Scusa il ritardo con il quale rispondo al tuo ps Stefano (spero di avere presto il piacere di incontrarti).
Ti porto un solo esempio, il primo che mi torna in mente. Selezionavo uno stagista, avevo una serie di cv da colloquiare, cerco i profili in rete e di alcuni trovo la pagina FB open. Tra gli altri, uno dei candidati aveva online una forte presenza politica che a volte sfociava in espressioni fortemente critiche verso la precarietà (non voglio qui approfondire il suo poter essere buona o cattiva) ed in particolare le APL. Puoi ben comprendere che in sede di colloquio questi aspetti vennero fortemente approfonditi.

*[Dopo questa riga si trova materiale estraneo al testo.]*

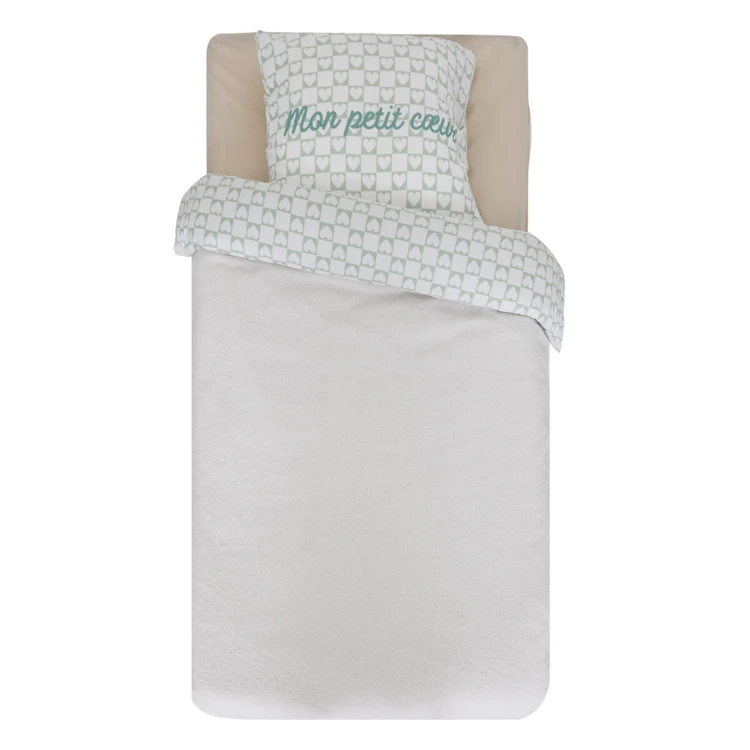 Conjunto de roupa de cama infantil de 2 peças com padrão de corações e textura felpuda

Ilaria scrive che quanto scrive nel suo profilo non deve interessare al datore di lavoro. C’è un problema però: se mi “espongo” e rendo pubbliche le mie informazioni online non posso poi pretendere che nessuno le guardi. Non si può voler essere famosi e poi prendersela coi paparazzi.
Ciao Michele!
Non preoccuparti del ritardo, e grazie della risposta.
L’esempio che porti mi permette di comprendere meglio la tua valutazione… d’altra parte se un pagina è “open” non posso aspettarmi che non venga letta.
E’ anche vero che la pagina open è solitamente un caso.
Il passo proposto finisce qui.